→ **Provided data**
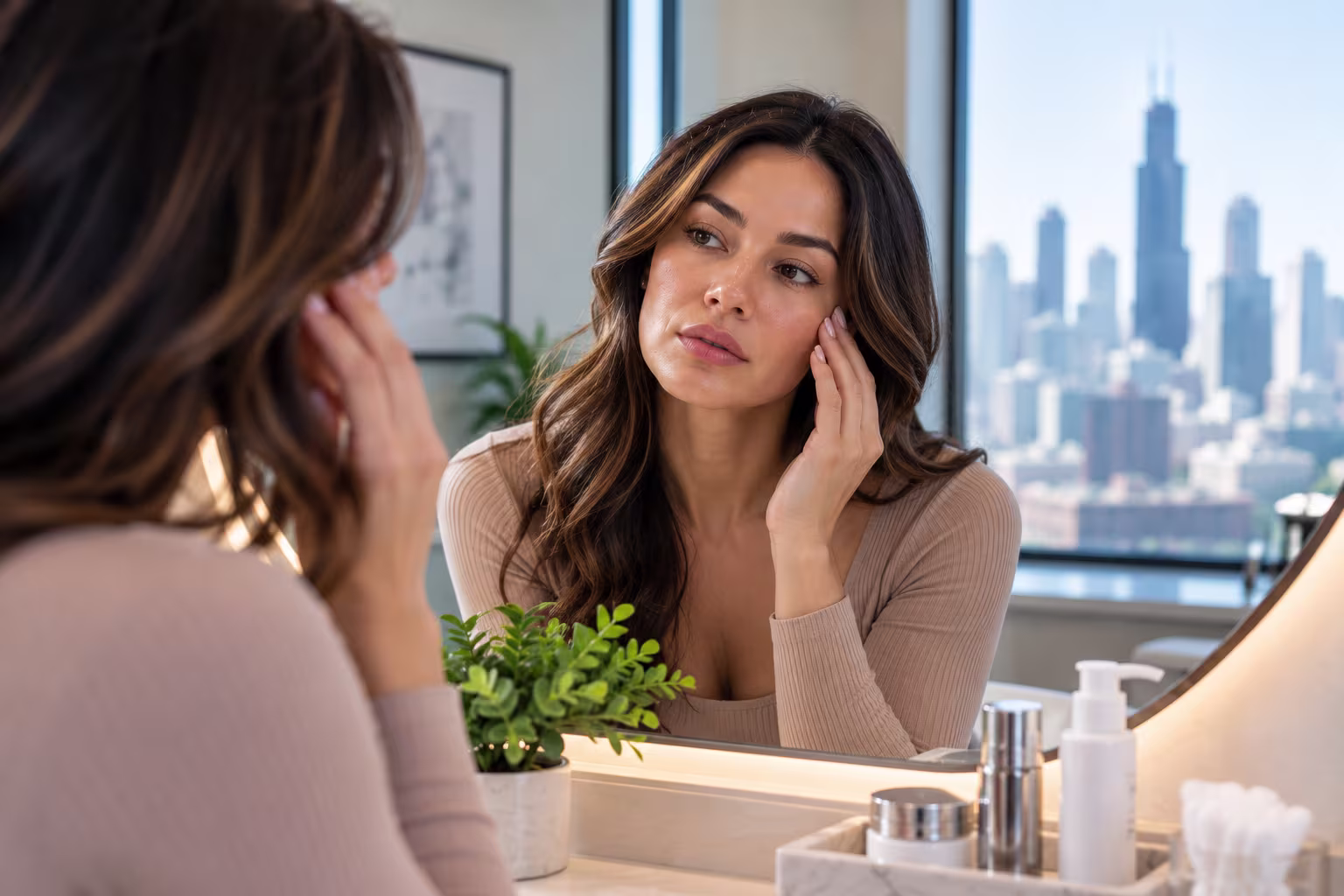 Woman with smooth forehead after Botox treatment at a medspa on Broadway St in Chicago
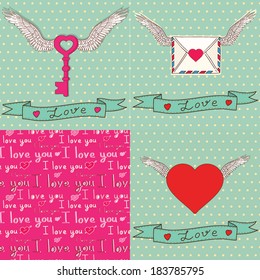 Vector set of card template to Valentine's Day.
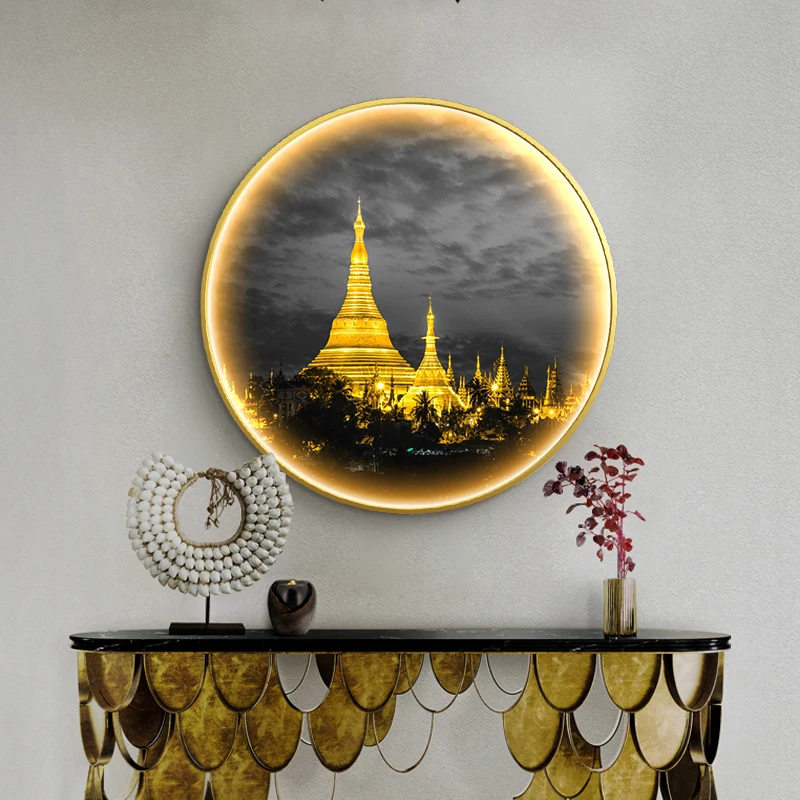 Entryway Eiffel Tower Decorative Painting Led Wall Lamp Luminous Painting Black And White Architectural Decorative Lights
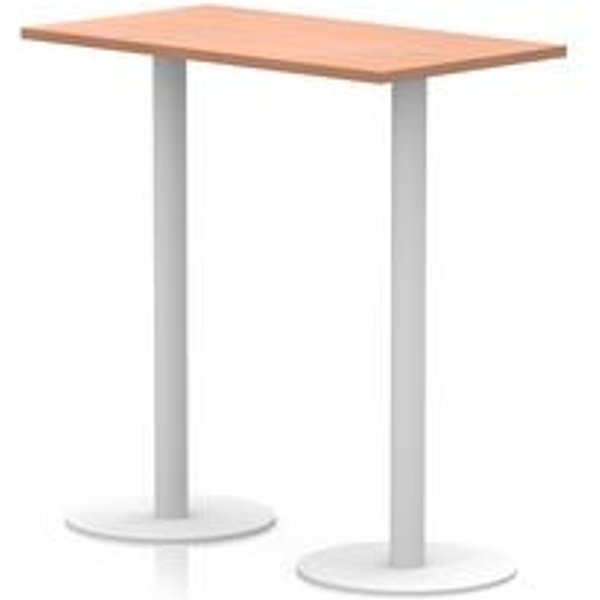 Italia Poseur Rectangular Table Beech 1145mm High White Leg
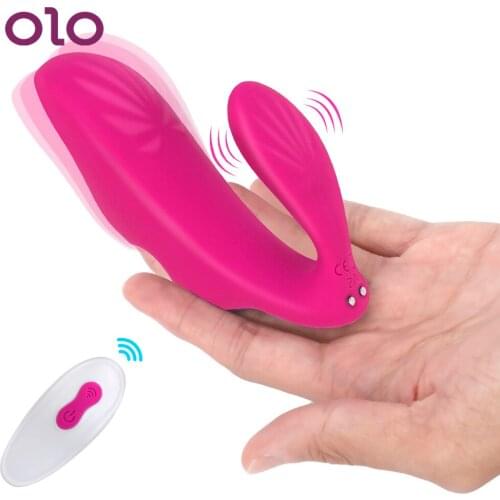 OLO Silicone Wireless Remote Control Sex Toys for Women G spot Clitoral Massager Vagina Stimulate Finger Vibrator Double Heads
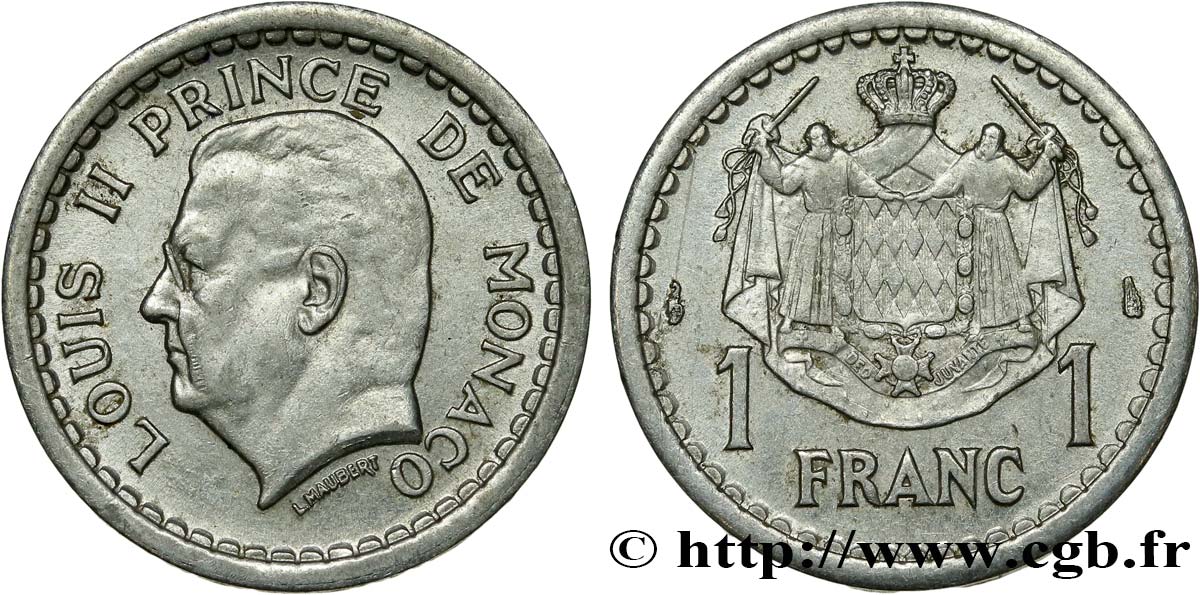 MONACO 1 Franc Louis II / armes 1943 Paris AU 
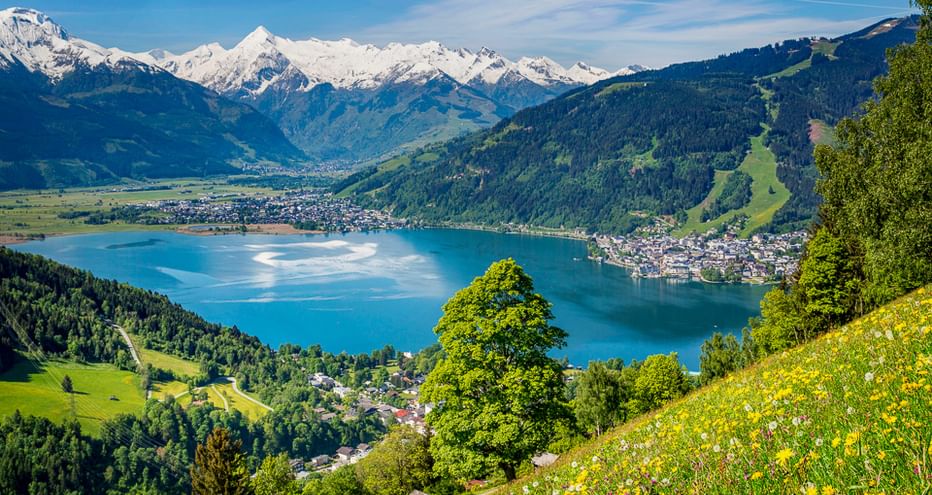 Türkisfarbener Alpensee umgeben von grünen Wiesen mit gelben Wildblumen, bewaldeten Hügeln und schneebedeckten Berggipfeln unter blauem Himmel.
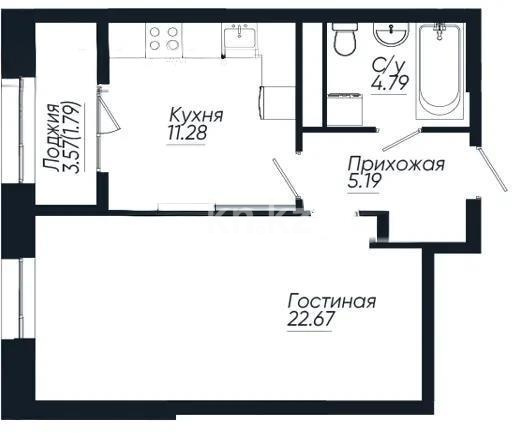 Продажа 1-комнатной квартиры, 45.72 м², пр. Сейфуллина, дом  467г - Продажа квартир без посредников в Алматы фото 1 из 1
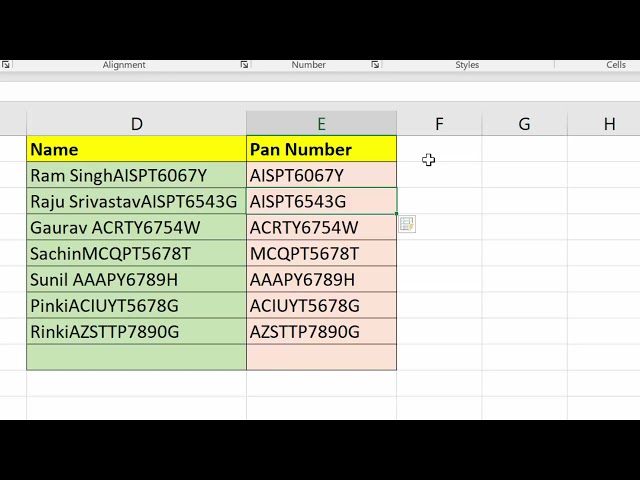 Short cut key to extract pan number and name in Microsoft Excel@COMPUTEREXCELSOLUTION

→ **Assigned task**
Pictures are not part of the copy. Reproduce the lines from the one with "OLO Silicone Wireless" through the end of the listing above.

→ **Answer section**
 OLO Silicone Wireless Remote Control Sex Toys for Women G spot Clitoral Massager Vagina Stimulate Finger Vibrator Double Heads
 MONACO 1 Franc Louis II / armes 1943 Paris AU 
 Türkisfarbener Alpensee umgeben von grünen Wiesen mit gelben Wildblumen, bewaldeten Hügeln und schneebedeckten Berggipfeln unter blauem Himmel.
 Продажа 1-комнатной квартиры, 45.72 м², пр. Сейфуллина, дом  467г - Продажа квартир без посредников в Алматы фото 1 из 1
 Short cut key to extract pan number and name in Microsoft Excel@COMPUTEREXCELSOLUTION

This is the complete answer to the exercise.